Twistocaloric cooling is an alternative to standard chilling methods

fibers

Twisted fibers could be used to cool off, scientists report. Here, a fiber of rubber has been coated with paint whose color reveals its temperature. A coiled fiber at room temperature (orange, top) cools when untwisted (brown, middle) before returning to room temperature over time (bottom).

University of Texas at Dallas

A new way to chill out is simple: Just unwind.

Called twistocaloric cooling, the method involves unwinding tightly twisted strands of various materials. The technique was used to chill water by several degrees Celsius, scientists report in the Oct. 11 Science.

Cooling techniques like those used in traditional refrigerators rely on cycles of compressing and expanding gases. But those gases can contribute to global warming (SN: 10/25/16). So researchers have been looking for alternative cooling methods based on manipulating solid materials. Consider a rubber band: When stretched, it heats up, becoming warm to the touch. When released, it cools down. The same goes for twisting and untwisting.

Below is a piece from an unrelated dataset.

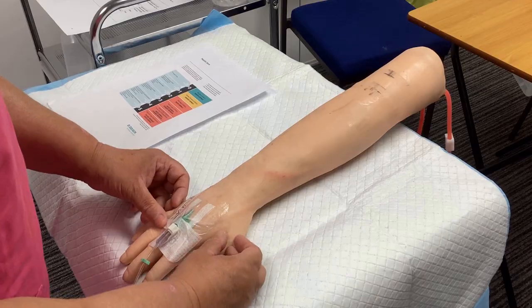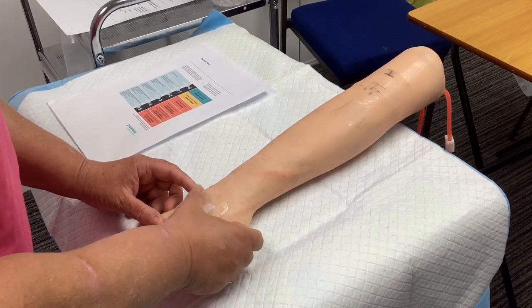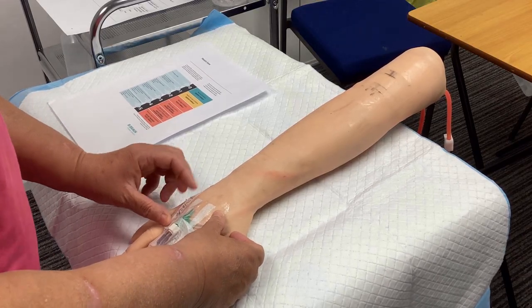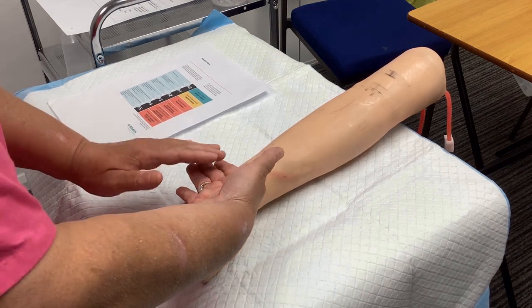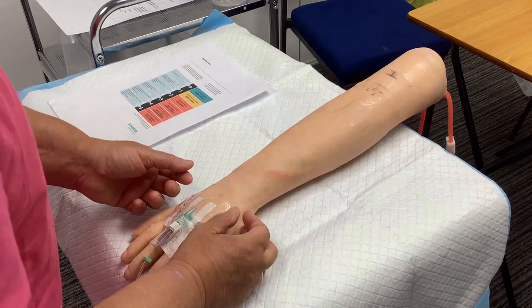And then I'm observing the site. I'm looking for any redness, any swelling around the site. There does not seem to be any redness or swelling, and then I'm just going to touch the site just to feel if it feels warm as any indication of infection.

To study this effect, a team of scientists from China, the United States and Brazil twisted fibers of rubber, fishing line and wires made of a nickel and titanium alloy. When twisted tightly enough, the various types of strands formed coils or even supercoils — coils of coils. Unwinding a stretched, supercoiled rubber fiber cooled its surface by as much as 15.5 degrees Celsius.

Unraveling cables made of several strands twisted together produced cooling as well. But simply cooling the strands isn’t particularly useful. So the researchers created a “twist fridge” that could chill water. Unwinding a three-ply, nickel-titanium cable while flowing water over it dropped the liquid’s temperature by nearly 8 degrees C, the team reports.